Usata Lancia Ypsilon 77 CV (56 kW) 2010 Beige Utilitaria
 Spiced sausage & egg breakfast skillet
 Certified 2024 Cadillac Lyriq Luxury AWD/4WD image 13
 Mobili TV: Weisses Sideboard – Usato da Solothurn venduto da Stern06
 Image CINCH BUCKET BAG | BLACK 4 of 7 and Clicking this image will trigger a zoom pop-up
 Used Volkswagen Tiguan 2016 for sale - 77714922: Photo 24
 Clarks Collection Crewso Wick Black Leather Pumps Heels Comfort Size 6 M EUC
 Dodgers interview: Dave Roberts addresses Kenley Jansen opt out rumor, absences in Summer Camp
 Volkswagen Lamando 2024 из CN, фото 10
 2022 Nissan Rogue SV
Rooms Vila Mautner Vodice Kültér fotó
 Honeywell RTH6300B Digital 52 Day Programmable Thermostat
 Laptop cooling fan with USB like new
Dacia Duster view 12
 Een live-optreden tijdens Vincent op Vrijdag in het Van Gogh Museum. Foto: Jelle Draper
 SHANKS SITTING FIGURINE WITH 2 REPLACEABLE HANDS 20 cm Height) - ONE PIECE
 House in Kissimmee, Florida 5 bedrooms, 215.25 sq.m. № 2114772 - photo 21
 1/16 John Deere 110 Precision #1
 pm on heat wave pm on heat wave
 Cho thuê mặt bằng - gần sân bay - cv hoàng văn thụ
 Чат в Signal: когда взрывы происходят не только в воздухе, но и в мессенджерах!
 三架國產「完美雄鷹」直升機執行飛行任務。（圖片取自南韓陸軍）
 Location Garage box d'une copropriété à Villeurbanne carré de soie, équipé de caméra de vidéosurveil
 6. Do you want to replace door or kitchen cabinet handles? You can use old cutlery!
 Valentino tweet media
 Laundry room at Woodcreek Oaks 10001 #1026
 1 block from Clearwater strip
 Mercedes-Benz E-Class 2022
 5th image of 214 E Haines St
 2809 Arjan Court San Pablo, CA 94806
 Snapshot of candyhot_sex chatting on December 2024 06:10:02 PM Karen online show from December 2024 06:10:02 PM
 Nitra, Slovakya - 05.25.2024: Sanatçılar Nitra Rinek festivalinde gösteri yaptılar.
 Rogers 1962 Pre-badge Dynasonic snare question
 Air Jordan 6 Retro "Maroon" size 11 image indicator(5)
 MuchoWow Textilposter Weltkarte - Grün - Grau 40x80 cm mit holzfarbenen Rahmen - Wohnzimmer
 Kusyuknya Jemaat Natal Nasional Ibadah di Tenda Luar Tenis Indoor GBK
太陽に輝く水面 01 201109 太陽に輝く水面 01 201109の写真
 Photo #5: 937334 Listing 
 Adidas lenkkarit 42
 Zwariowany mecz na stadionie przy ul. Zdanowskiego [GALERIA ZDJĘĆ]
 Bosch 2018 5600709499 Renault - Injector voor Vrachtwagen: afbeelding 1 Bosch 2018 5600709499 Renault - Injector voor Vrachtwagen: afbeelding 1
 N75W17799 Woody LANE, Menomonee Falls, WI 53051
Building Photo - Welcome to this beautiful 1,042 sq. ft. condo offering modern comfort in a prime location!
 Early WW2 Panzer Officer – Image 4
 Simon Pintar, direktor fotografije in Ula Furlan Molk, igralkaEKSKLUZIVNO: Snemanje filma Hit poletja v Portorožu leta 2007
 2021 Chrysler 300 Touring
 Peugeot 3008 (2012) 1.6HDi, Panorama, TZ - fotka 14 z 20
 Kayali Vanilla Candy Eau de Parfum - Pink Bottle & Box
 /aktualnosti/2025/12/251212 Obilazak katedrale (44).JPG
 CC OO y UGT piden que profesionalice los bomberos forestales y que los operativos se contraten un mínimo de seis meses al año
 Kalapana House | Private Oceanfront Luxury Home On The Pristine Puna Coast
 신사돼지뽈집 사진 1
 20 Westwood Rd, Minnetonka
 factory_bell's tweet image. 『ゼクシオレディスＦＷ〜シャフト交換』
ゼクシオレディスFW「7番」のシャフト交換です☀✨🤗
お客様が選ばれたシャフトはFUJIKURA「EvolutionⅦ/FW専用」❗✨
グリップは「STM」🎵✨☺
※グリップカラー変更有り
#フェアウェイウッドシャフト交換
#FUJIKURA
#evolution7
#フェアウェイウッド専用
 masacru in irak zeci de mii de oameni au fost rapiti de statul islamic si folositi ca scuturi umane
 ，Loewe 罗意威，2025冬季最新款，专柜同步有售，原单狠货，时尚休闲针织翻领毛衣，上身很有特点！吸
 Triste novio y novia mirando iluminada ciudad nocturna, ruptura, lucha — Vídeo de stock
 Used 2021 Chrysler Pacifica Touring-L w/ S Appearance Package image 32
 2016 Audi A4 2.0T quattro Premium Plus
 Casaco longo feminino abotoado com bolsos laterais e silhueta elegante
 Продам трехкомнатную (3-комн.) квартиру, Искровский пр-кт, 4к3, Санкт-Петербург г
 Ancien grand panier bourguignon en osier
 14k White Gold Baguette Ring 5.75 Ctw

- - - -

__EXERCISE DETAILS__
Write the data out again, verbatim.

__TASK SOLUTION__
Usata Lancia Ypsilon 77 CV (56 kW) 2010 Beige Utilitaria
 Spiced sausage & egg breakfast skillet
 Certified 2024 Cadillac Lyriq Luxury AWD/4WD image 13
 Mobili TV: Weisses Sideboard – Usato da Solothurn venduto da Stern06
 Image CINCH BUCKET BAG | BLACK 4 of 7 and Clicking this image will trigger a zoom pop-up
 Used Volkswagen Tiguan 2016 for sale - 77714922: Photo 24
 Clarks Collection Crewso Wick Black Leather Pumps Heels Comfort Size 6 M EUC
 Dodgers interview: Dave Roberts addresses Kenley Jansen opt out rumor, absences in Summer Camp
 Volkswagen Lamando 2024 из CN, фото 10
 2022 Nissan Rogue SV
Rooms Vila Mautner Vodice Kültér fotó
 Honeywell RTH6300B Digital 52 Day Programmable Thermostat
 Laptop cooling fan with USB like new
Dacia Duster view 12
 Een live-optreden tijdens Vincent op Vrijdag in het Van Gogh Museum. Foto: Jelle Draper
 SHANKS SITTING FIGURINE WITH 2 REPLACEABLE HANDS 20 cm Height) - ONE PIECE
 House in Kissimmee, Florida 5 bedrooms, 215.25 sq.m. № 2114772 - photo 21
 1/16 John Deere 110 Precision #1
 pm on heat wave pm on heat wave
 Cho thuê mặt bằng - gần sân bay - cv hoàng văn thụ
 Чат в Signal: когда взрывы происходят не только в воздухе, но и в мессенджерах!
 三架國產「完美雄鷹」直升機執行飛行任務。（圖片取自南韓陸軍）
 Location Garage box d'une copropriété à Villeurbanne carré de soie, équipé de caméra de vidéosurveil
 6. Do you want to replace door or kitchen cabinet handles? You can use old cutlery!
 Valentino tweet media
 Laundry room at Woodcreek Oaks 10001 #1026
 1 block from Clearwater strip
 Mercedes-Benz E-Class 2022
 5th image of 214 E Haines St
 2809 Arjan Court San Pablo, CA 94806
 Snapshot of candyhot_sex chatting on December 2024 06:10:02 PM Karen online show from December 2024 06:10:02 PM
 Nitra, Slovakya - 05.25.2024: Sanatçılar Nitra Rinek festivalinde gösteri yaptılar.
 Rogers 1962 Pre-badge Dynasonic snare question
 Air Jordan 6 Retro "Maroon" size 11 image indicator(5)
 MuchoWow Textilposter Weltkarte - Grün - Grau 40x80 cm mit holzfarbenen Rahmen - Wohnzimmer
 Kusyuknya Jemaat Natal Nasional Ibadah di Tenda Luar Tenis Indoor GBK
太陽に輝く水面 01 201109 太陽に輝く水面 01 201109の写真
 Photo #5: 937334 Listing 
 Adidas lenkkarit 42
 Zwariowany mecz na stadionie przy ul. Zdanowskiego [GALERIA ZDJĘĆ]
 Bosch 2018 5600709499 Renault - Injector voor Vrachtwagen: afbeelding 1 Bosch 2018 5600709499 Renault - Injector voor Vrachtwagen: afbeelding 1
 N75W17799 Woody LANE, Menomonee Falls, WI 53051
Building Photo - Welcome to this beautiful 1,042 sq. ft. condo offering modern comfort in a prime location!
 Early WW2 Panzer Officer – Image 4
 Simon Pintar, direktor fotografije in Ula Furlan Molk, igralkaEKSKLUZIVNO: Snemanje filma Hit poletja v Portorožu leta 2007
 2021 Chrysler 300 Touring
 Peugeot 3008 (2012) 1.6HDi, Panorama, TZ - fotka 14 z 20
 Kayali Vanilla Candy Eau de Parfum - Pink Bottle & Box
 /aktualnosti/2025/12/251212 Obilazak katedrale (44).JPG
 CC OO y UGT piden que profesionalice los bomberos forestales y que los operativos se contraten un mínimo de seis meses al año
 Kalapana House | Private Oceanfront Luxury Home On The Pristine Puna Coast
 신사돼지뽈집 사진 1
 20 Westwood Rd, Minnetonka
 factory_bell's tweet image. 『ゼクシオレディスＦＷ〜シャフト交換』
ゼクシオレディスFW「7番」のシャフト交換です☀✨🤗
お客様が選ばれたシャフトはFUJIKURA「EvolutionⅦ/FW専用」❗✨
グリップは「STM」🎵✨☺
※グリップカラー変更有り
#フェアウェイウッドシャフト交換
#FUJIKURA
#evolution7
#フェアウェイウッド専用
 masacru in irak zeci de mii de oameni au fost rapiti de statul islamic si folositi ca scuturi umane
 ，Loewe 罗意威，2025冬季最新款，专柜同步有售，原单狠货，时尚休闲针织翻领毛衣，上身很有特点！吸
 Triste novio y novia mirando iluminada ciudad nocturna, ruptura, lucha — Vídeo de stock
 Used 2021 Chrysler Pacifica Touring-L w/ S Appearance Package image 32
 2016 Audi A4 2.0T quattro Premium Plus
 Casaco longo feminino abotoado com bolsos laterais e silhueta elegante
 Продам трехкомнатную (3-комн.) квартиру, Искровский пр-кт, 4к3, Санкт-Петербург г
 Ancien grand panier bourguignon en osier
 14k White Gold Baguette Ring 5.75 Ctw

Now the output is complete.